Many fans of anime are well acquainted with your shounen staple anime. For some, this was their starting point. You’ll see a plucky go-getter, determined to be the best in their craft, set forth in their world to overcome challenges to reach their end goal. Often their end goals are defined by a big baddie, who, when introduced, has a sizable gulf in power to the protagonist. In order to level-up at some point in their journey, some protagonists come across the infamous tournament arc in the story. While some fans dread these arcs, I must admit they are some of my favorite content in anime. Before you roll your eyes, at least hear me out on why I get giddy every time an anime shows off a tournament.

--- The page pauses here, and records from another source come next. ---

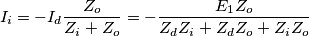 I_i=-I_d\frac{Z_o}{Z_i+Z_o}=-\frac{E_1Z_o}{Z_dZ_i+Z_dZ_o+Z_iZ_o}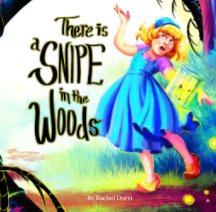 There is a Snipe in the Woods book cover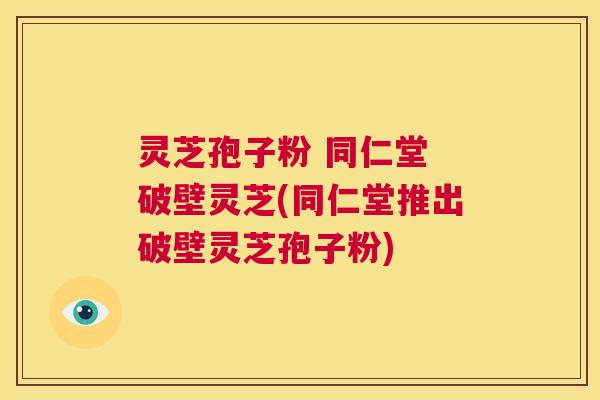 灵芝孢子粉 同仁堂 破壁灵芝(同仁堂推出破壁灵芝孢子粉)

I love the journeys of the characters encountered in anime. How they grow, the relationships developed, and the ways they obtain strength to achieve their goals. Growth is the point of tournament arcs; they are about the journey, not the winner. One of my favorite examples of this is the Hunter Exam arc of Hunter X Hunter (2011). While an exam by name, this is a tournament through and through, with the end goal of our intro protagonist, Gon Freecss, earning his hunter license. However, this whole arc is masterfully done, introducing the viewer into the world of Hunter X Hunter. We learn what motivates Gon and his friends, Kurapika, Leorio, and Killua (best boy). We get glimpses of characters who will return later on in the series, so the viewer can gauge the growth of secondary characters over time. Most importantly, we see the growth and skill development in our protagonists under specific conditions.
When Gon and friends need to fight their way down Trick Tower during the third stage of the exam, we see them butt heads and tackle issues in their own way. Some fail in challenges while others succeed, but by learning about each other’s strengths and personalities in tandem with the audience, they are ultimately able to clear stage three and go to stage four. Stories like these allow the audience to take the journey with the protagonists, knowing Gon and friends will win in the end. It’s about how Gon wins, rather than if he wins.

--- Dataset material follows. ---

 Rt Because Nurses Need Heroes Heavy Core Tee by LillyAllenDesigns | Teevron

The “how” is magnified through the limits put in place during tournament encounters. Tournament arcs have boundaries set–either by villains or mystical forces–which force the character to think about how they might get out of a series of scenarios with minimal damage. I think of Yugi’s battle with Arkana (Pandora in the Japanese adaptation) during the Battle City tournament in Yu-Gi-Oh.
Under the employ of villain Marek Ishtar, Arkana duels Yugi on a buzzsaw-rigged battlefield. The lower their life points got, the closer the saws came until one of them would meet their end, while the winner would get the key to unlock their shackles and a locator card. This battle illustrates the yin and yang relationship between Yami Yugi and Yugi-Boy, as well as how Yugi needs to learn the balance between these two sides to come out of this battle whole. Regular Yugi isn’t strong enough to win on his own yet but has the ability to sympathize with his opponents, as they are also being used as pawns in Marek’s game. Yami Yugi has the strength to win, but that strength comes at the cost of almost letting Arkana die from the buzzsaws. By managing both sides, Yugi has the tools to win, and manages to let Arkana escape with his life. He played within the rules of the duel and still managed to survive with minimal damage–minimal because Arkana loses his sanity, but that isn’t on Yugi. These limits push characters to boost specific traits which will ultimately benefit them as they journey toward their overarching series goals outside of the tournament.
Lastly, I know one of the general sticking points of tournament arcs for people is the predictability. I’m happy to report that in the new age of anime, that is changing as well. We don’t always know who the winner in tournaments will be because the formula is slowly being rewritten in exchange for other rewards for the protagonist. Izuku Midoriya of My Hero Academia fame can attest to this fact. Spoiler alert, during the School Festival Tournament Arc, our hero does not make it past the quarter-finals. Disappointing, I know. As mentioned before, in other tournament arcs it’s a given that the hero will win, it’s just how they win. But in this case, the win wasn’t important for Midoriya’s development. The loss teaches us a lot more than we realize. From Midoriya’s drive to help a classmate in need despite the possible consequence of losing and solidifying his growing understanding for a hero’s resolve, to providing the audience with a good place to note his growth up until that point, the loss is a curveball within the tournament arc structure. A healthy curveball that should be replicated to convert more believers to this excellent arc structure.
My hope is many tournament arc naysayers will at least see these arcs through a new lens. When paced well, these arcs can provide a ton of value for the main character and supporting cast. And let’s be honest, the fights are pretty dope as well (here’s looking at you, Yu Yu Hakusho). If you’re still struggling with tournament arcs just remember these two things: first, it’s about the journey, and second, you can always watch something else. I’ll be here with my popcorn waiting for the next tournament.